BOYHOOD ESCAPADE


Those days there were porters at the station--
the platforms gas-lit, dank waiting-rooms warmed
by hungry, coal-fed fires in cast-iron grates.

In the booking-hall we used to stamp our feet
to make a hollow booming echo from wood
and plaster walls and ceiling vaulted high.

Then down the sloping path onto the footbridge;
(the "monkey bridge" we called it), and waited for
a local train to leave, so we could stand

enveloped in white, clammy smoke, transformed
to genies coming out of bottles on
command, high-summoned to complete a task.

But one night we were mischief-bent, resolved
to let the station drown in wintry night.
We had a simple plan, and simple means:

long drinking-straws, with which to prod and poke
the fragile mantles of the swan-necked lamps--
and this we did.
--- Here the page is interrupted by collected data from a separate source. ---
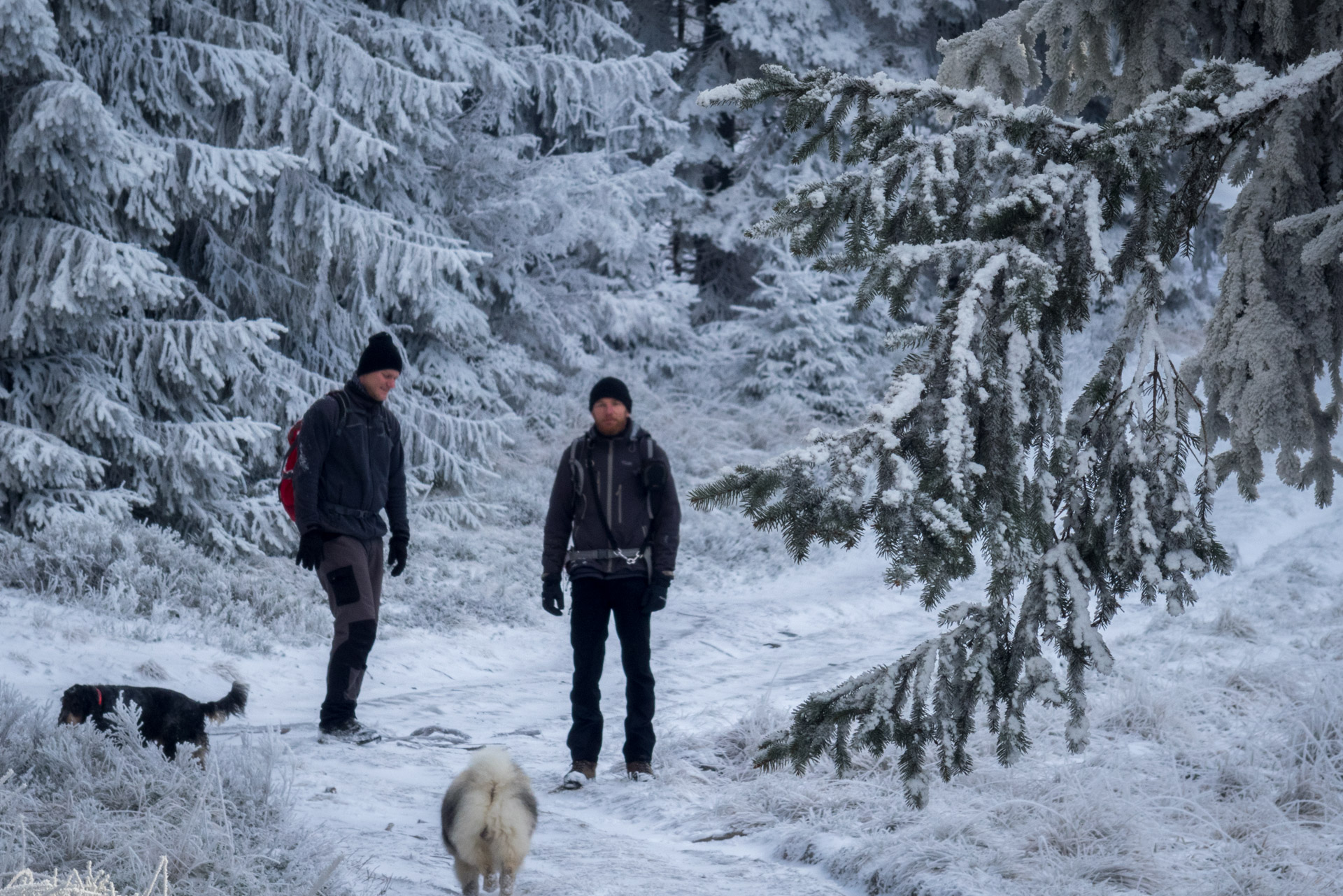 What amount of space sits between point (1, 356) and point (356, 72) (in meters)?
4.66

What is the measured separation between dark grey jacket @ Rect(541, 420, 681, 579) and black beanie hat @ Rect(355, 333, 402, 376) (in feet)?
4.08

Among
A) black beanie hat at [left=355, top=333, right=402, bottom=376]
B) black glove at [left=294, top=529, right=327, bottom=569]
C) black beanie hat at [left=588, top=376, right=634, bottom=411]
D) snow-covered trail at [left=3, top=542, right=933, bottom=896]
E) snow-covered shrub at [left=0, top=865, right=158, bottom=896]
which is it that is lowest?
snow-covered trail at [left=3, top=542, right=933, bottom=896]

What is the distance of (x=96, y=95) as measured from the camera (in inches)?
321

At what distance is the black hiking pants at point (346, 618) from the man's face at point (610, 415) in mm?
1629

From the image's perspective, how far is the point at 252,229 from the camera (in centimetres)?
1088

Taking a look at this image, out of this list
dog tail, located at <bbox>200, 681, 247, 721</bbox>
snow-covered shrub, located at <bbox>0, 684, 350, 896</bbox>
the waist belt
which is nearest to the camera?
snow-covered shrub, located at <bbox>0, 684, 350, 896</bbox>

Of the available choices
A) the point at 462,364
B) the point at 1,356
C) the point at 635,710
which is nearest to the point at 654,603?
the point at 635,710

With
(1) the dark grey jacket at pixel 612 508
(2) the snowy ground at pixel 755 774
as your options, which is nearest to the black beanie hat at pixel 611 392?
(1) the dark grey jacket at pixel 612 508

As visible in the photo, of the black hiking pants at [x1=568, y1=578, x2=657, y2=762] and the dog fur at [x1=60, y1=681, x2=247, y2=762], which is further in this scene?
the black hiking pants at [x1=568, y1=578, x2=657, y2=762]

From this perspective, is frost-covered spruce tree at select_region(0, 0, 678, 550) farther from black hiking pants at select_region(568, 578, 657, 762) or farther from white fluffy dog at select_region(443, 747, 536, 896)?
white fluffy dog at select_region(443, 747, 536, 896)

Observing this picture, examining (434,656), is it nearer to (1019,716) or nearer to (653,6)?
(1019,716)

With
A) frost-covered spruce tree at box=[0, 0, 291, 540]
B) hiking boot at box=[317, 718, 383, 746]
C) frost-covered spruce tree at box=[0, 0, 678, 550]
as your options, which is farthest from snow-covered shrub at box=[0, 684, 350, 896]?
frost-covered spruce tree at box=[0, 0, 678, 550]

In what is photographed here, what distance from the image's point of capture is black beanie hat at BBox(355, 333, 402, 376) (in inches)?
242

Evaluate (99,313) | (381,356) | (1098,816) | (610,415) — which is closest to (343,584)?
(381,356)
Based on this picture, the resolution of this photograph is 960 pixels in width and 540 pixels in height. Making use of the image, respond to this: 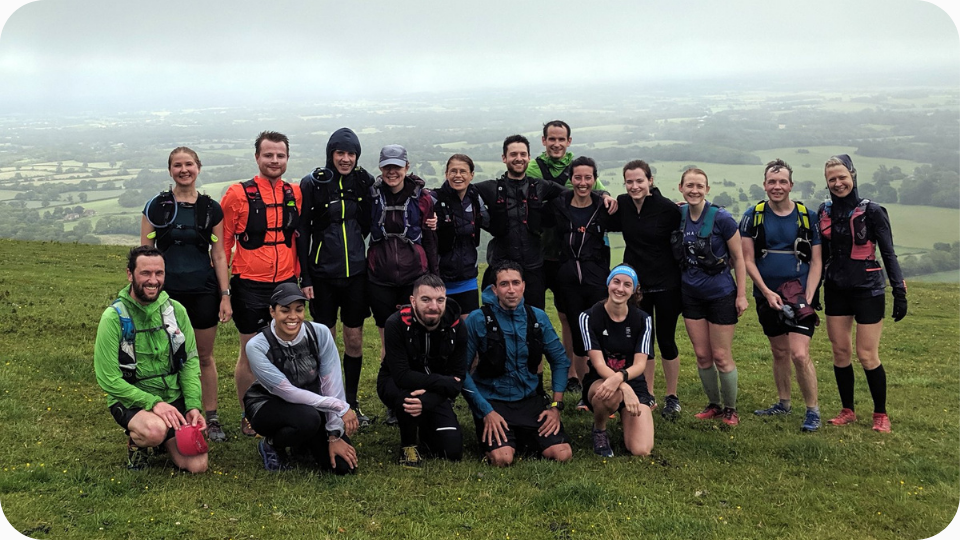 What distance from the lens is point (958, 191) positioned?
371ft

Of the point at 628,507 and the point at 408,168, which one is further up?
the point at 408,168

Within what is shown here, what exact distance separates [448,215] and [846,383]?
21.8 ft

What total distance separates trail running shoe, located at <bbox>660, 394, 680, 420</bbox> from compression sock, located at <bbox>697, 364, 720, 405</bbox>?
Result: 53 centimetres

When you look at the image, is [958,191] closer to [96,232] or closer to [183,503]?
[96,232]

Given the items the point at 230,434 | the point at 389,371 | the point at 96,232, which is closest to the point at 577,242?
the point at 389,371

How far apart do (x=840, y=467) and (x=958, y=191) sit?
129 meters

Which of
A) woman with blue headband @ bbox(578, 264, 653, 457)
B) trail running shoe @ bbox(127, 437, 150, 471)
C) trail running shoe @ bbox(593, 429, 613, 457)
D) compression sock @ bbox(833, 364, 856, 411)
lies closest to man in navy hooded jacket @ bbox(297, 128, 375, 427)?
trail running shoe @ bbox(127, 437, 150, 471)

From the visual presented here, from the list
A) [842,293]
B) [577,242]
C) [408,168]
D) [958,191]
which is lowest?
[958,191]

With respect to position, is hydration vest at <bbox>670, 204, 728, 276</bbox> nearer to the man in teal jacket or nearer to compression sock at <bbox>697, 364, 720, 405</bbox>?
compression sock at <bbox>697, 364, 720, 405</bbox>

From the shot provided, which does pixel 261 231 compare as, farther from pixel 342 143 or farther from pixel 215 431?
pixel 215 431

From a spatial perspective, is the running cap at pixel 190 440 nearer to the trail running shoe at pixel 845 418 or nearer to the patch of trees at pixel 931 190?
the trail running shoe at pixel 845 418

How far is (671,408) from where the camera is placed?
10914 millimetres

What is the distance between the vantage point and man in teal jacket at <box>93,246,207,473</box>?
24.8ft

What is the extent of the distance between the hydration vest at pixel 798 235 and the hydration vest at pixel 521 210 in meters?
3.15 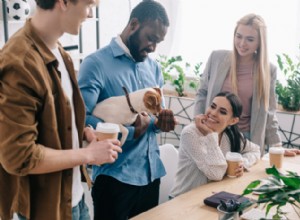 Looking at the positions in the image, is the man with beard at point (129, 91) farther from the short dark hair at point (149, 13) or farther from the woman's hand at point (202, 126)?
the woman's hand at point (202, 126)

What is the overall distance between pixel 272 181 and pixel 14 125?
739 mm

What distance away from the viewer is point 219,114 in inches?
88.3

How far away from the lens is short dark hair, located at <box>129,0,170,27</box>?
1.91 meters

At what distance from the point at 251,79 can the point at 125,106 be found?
122 centimetres

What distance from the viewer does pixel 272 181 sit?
123cm

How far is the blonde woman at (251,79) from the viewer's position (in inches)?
106

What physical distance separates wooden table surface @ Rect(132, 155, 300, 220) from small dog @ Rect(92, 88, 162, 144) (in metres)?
0.33

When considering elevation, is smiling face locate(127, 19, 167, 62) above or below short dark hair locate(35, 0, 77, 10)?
below

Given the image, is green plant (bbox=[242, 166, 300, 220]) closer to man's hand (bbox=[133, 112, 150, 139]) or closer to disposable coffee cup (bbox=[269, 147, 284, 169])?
man's hand (bbox=[133, 112, 150, 139])

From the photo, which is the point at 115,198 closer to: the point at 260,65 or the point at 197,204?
the point at 197,204

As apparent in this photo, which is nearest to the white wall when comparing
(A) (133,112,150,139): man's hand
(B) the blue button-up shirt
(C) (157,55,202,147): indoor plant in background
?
(C) (157,55,202,147): indoor plant in background

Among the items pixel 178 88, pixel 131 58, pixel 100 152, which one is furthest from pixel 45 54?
pixel 178 88

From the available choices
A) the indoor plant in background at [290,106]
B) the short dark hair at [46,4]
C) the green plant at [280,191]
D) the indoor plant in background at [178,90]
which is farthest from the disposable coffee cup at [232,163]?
the indoor plant in background at [178,90]

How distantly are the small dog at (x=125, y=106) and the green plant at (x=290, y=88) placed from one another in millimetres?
2154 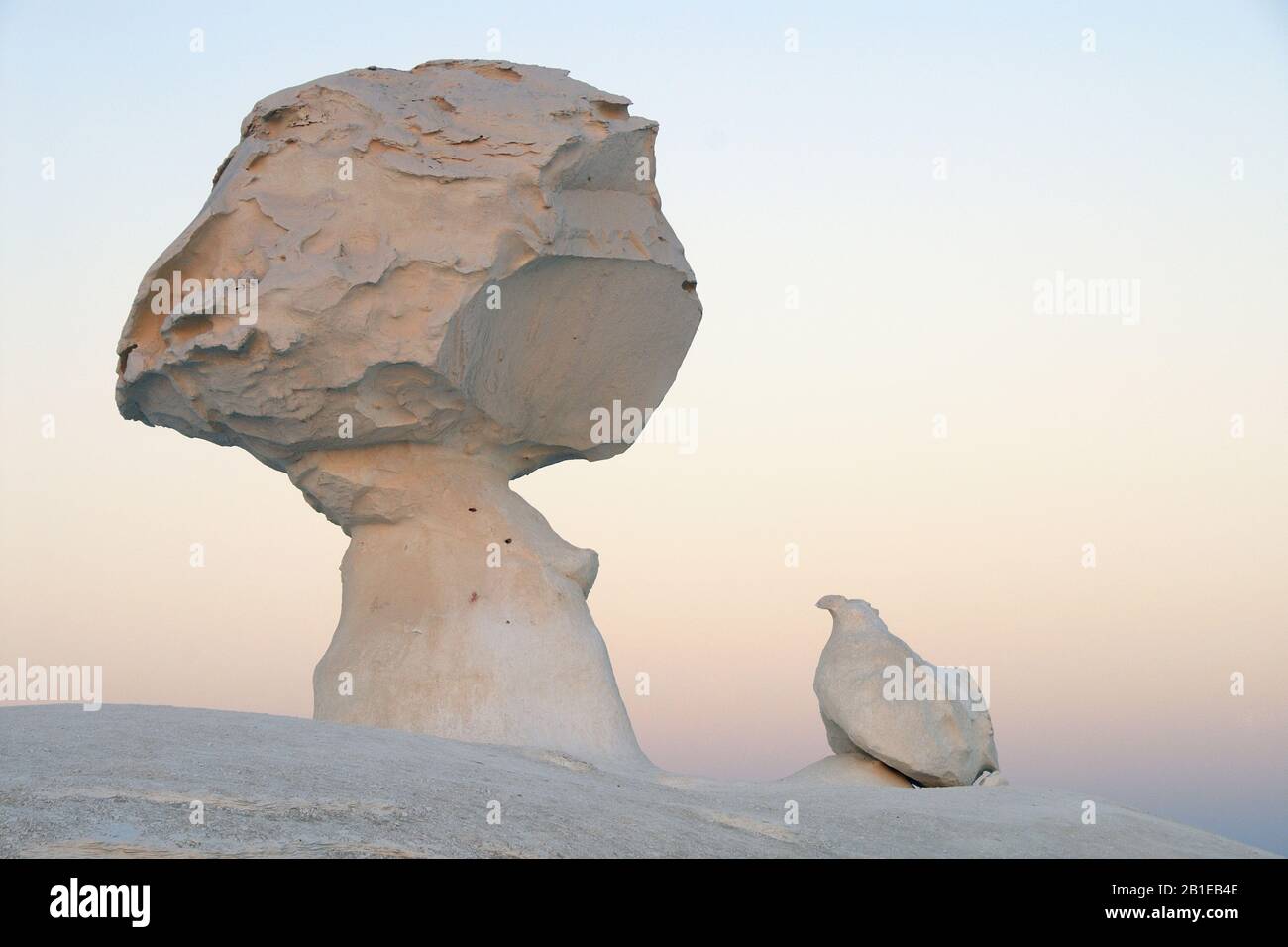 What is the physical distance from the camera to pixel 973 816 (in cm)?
1016

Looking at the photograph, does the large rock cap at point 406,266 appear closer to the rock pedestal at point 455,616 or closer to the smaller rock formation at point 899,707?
the rock pedestal at point 455,616

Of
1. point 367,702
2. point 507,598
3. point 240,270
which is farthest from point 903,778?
point 240,270

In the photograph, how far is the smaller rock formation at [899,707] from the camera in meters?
12.4

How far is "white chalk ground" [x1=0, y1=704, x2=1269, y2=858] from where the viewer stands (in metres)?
6.49

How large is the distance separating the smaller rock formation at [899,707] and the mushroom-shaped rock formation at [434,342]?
6.07 ft

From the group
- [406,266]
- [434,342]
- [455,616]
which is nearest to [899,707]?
[455,616]

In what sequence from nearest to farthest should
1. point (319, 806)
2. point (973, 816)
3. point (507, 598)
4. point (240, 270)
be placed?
point (319, 806) < point (973, 816) < point (240, 270) < point (507, 598)

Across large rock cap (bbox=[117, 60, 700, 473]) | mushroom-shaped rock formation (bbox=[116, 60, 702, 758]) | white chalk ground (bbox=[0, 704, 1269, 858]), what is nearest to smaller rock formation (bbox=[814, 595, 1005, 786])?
white chalk ground (bbox=[0, 704, 1269, 858])

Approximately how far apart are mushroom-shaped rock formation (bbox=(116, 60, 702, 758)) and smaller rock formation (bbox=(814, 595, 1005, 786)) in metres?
1.85

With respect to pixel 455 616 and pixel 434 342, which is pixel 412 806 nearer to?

The mantles crumbled quick

to incandescent ruin, moth-like flakes
that cooled and dwindled into dust, their light
dispersed and quenched in hissing messiness.

Then night drank up the station, cloaked it close;
the platforms black as Erebus. We stood
and waited. Sure enough, we heard the click

of lifted latch coming from the Porters' Room--
emerging scuff of urgent feet, and then
coarse, angry bellows of the porters roused

like bees from tumbled hive. And thus began
the pleasure of the chase! We waited till
those running feet had reached the steps-- then off

we fled across the bridge and up the slope,
and booming through the booking-hall again,
ran laughing in delight; the hunt was up!

With curses at our backs we fled into
the lamplit street, and slackened pace, then paused
to view the mad pursuit. Just one had kept

it up; a porter younger than the rest,
who, when he saw us, stopped, did curse the more,
and shook a brawny fist. We laughed again,

and shouted taunts at him, and then we ran
for all our worth. He followed, slipped, and fell,
and sprawled there like a Guy Fawkes in black serge.

Our escapade had ended-- with further laughs
we shambled home in satisfaction, all
our plans fulfilled-- tomorrow we would gloat.